Ma génération a coexisté avec le terrorisme. Les années 1970-1980, celles de nos vingt ans, ont coïncidé avec la dissémination de l’industrie publicitaire du massacre à but politique. Les bombes, déposées dans des poubelles publiques, dans des voitures, dans des avions ou à la ceinture de jeunes gens suicidaires explosaient dans les foules comme des messages sans adresse et pourtant adressés. IRA irlandaise, ETA basque, Bande à Baader allemande, Brigades rouges italiennes, néo-fascistes italiens camouflés, Tigres tamouls, Septembre noir et autre Front populaire de libération de la Palestine: les devins du détonateur ont volé la vie de plusieurs dizaines de milliers de personnes. Et le sang continue de couler sur le trottoir des villes, New York, Paris, Beyrouth, Bamako, Tunis, pour d’autres causes, par d’autres assassins. C’est l’islamiste, aujourd’hui, qui se déchaîne.

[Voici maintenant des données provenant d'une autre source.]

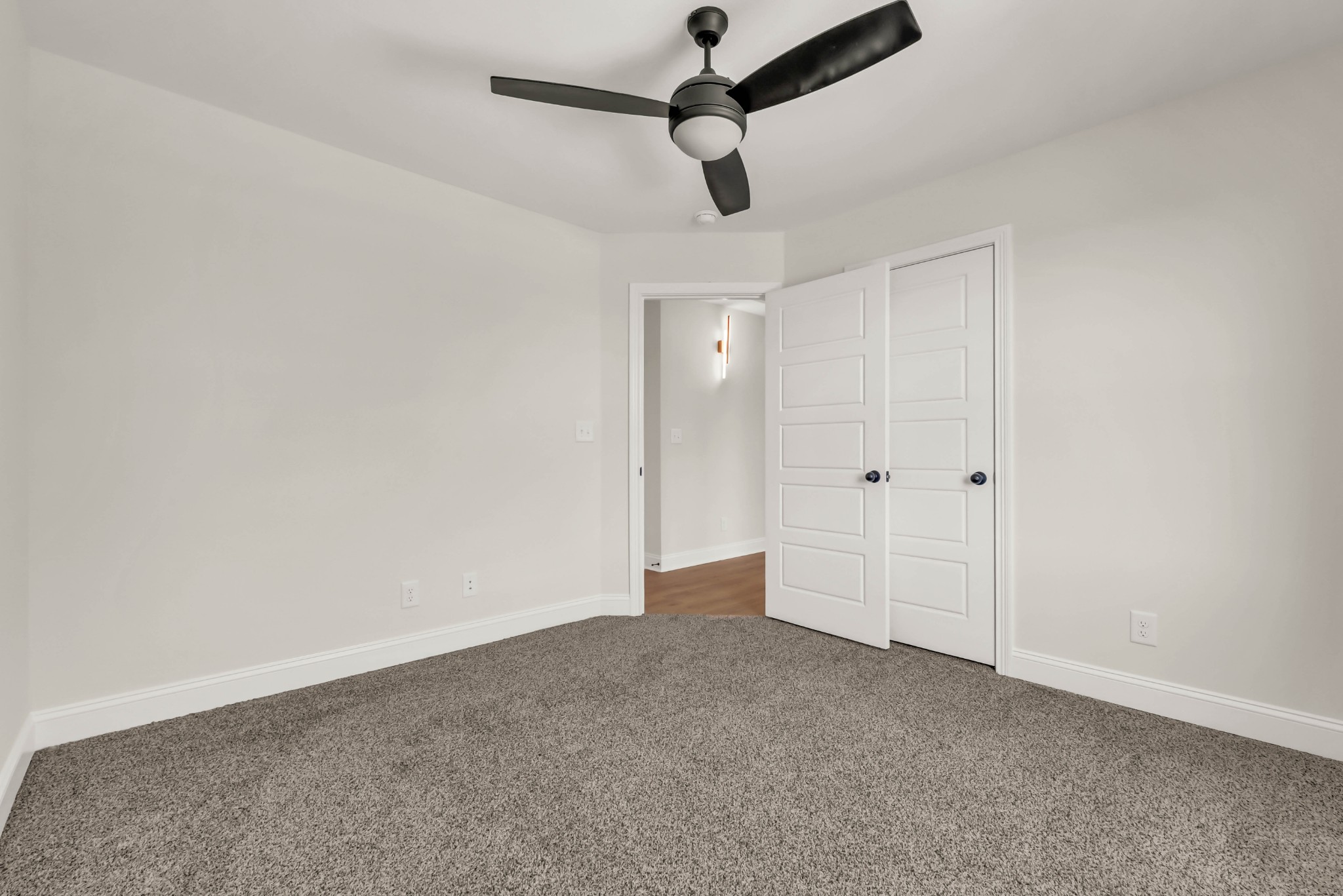 864 Burley Barn Road Clarksville, TN 37042 - Photo 15 of 24 a view of an empty room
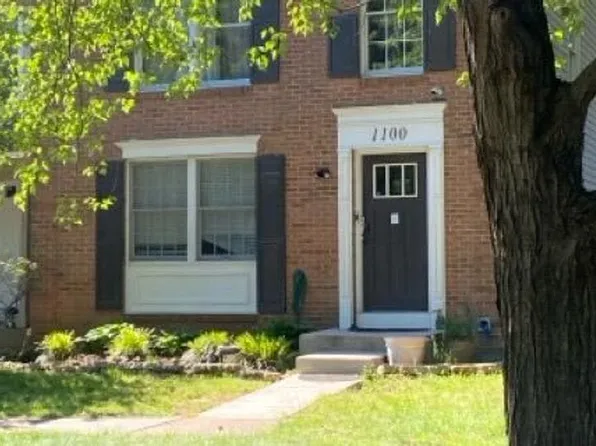 1100 Casper Dr, Herndon, VA 20170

Les gens de mon âge sont plus accablés que surpris. Nous avons le souvenir tant de fois répété de notre hébétude devant les images des morts de notre colère les jours d’après. Cette guerre-là, nous la connaissons par habitude. Chaque fois pourtant, la dévastation nous ôte la voix. Trois mille morts à Manhattan en 2001. Cent trente morts à Paris en 2015, «l’attentat le plus meurtrier en France» souligne-t-on comme pour trouver une raison supplémentaire à la stupeur. La surenchère de destruction est la seule nouveauté. Pour le reste, malgré son apparente variété, le terrorisme est tragiquement le même depuis la révolution française. Et l’anti-terrorisme toujours aussi aléatoire.
Quand une «machine infernale» explose rue Saint-Nicaise, à Paris, le 24 décembre 1800, sur le passage du carrosse de Napoléon Bonaparte – quatre morts, une centaine de blessés, 46 maisons détruites et Bonaparte indemne -, Fouché, ministre de la police, soupçonne les monarchistes et réunit les preuves de leur culpabilité. Mais c’est des Jacobins que le Premier Consul veut la peau. Fouché est démis pour insubordination.

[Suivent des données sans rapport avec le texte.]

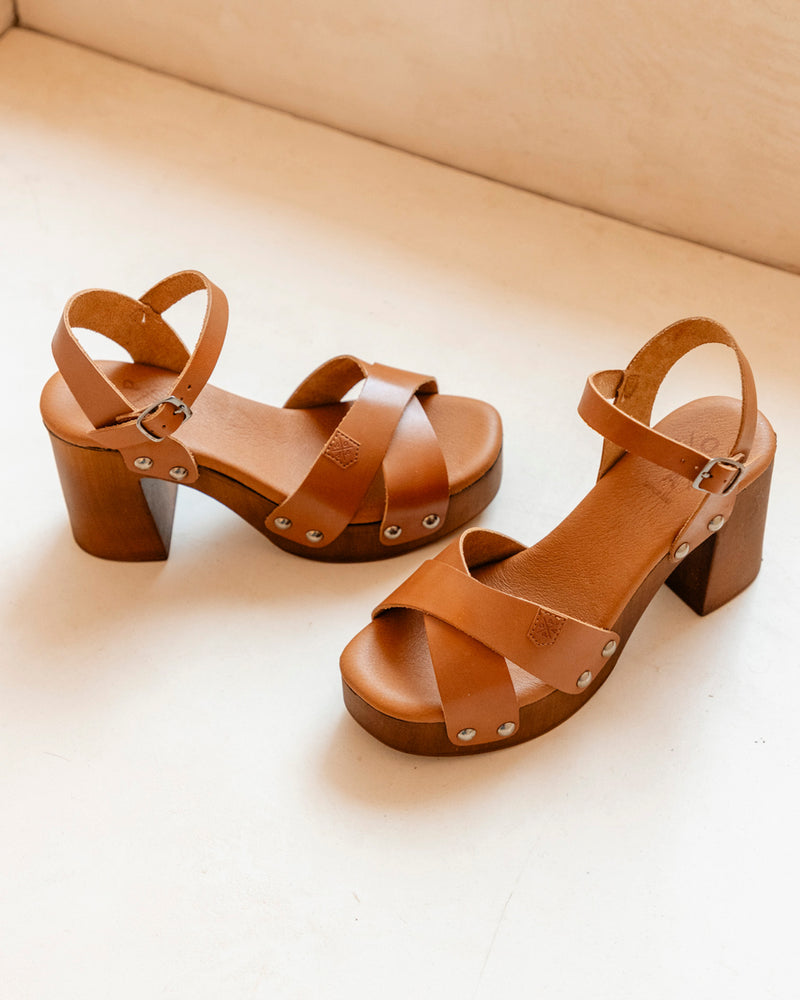Sandalia Madera Tachas Cherry Piel Cuero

Je me souviens de la bombe dans la salle d’attente de la gare de Bologne en août 1980: 85 morts et 200 blessés. Les Brigades rouges sont accusées. C’est en réalité une opération néo-fasciste soutenue par une coalition hétéroclite d’officiers du Renseignement (SISMI) et d’une loge maçonnique dévoyée (P2). Il faut quinze années d’une enquête sans cesse contrariée pour obtenir la sentence. Entre temps, le terrorisme rouge et le terrorisme noir ont disparu, par fatigue, mis en échec par la résistance plastique de la société, inaccessible à la logique de la terreur.
Je n’étais pas née en 1925 quand la coupole de la cathédrale de Sofia, plastiquée par le parti communiste bulgare, est tombée sur la foule pendant une cérémonie funèbre, tuant 150 personnes et en blessant 500. Le terrorisme communiste a lui aussi disparu. Comme, plus récemment, le terrorisme nationaliste: basque, irlandais, palestinien, tamoul et peut-être kurde.

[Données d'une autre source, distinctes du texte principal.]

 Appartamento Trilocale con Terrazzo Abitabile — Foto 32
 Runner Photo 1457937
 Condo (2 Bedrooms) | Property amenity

Le terrorisme a quelque chose d’épidémique. Il survient, il fait école et s’épuise. Un autre le remplace. Celui d’aujourd’hui se prétend religieux. Il embauche contre «les infidèles». Après chaque attentat, les experts se livrent à une débauche de certitudes sur les motifs et les remèdes. On écoute avec indulgence. La rhétorique terroriste reste indéchiffrable.
Les gens de mon âge ont lu “L’Agent secret”, une vaticination de Joseph Conrad sur l’attentat anarchiste de 1894 contre l’observatoire de Greenwich (un mort). Il y a là l’idée, avancée par un sinistre secrétaire d’ambassade, que l’acte terroriste parfait doit avoir l’absurdité choquante d’un blasphème gratuit. «Pour qu’un attentat à la bombe ait une influence quelconque sur l’opinion publique aujourd’hui, il faut qu’il aille au-delà des intentions de vengeance ou de terrorisme. Il faut qu’il soit purement destructeur. Qu’il soit cela et rien que cela, sans qu’on puisse le soupçonner un instant d’avoir un quelconque autre objectif.»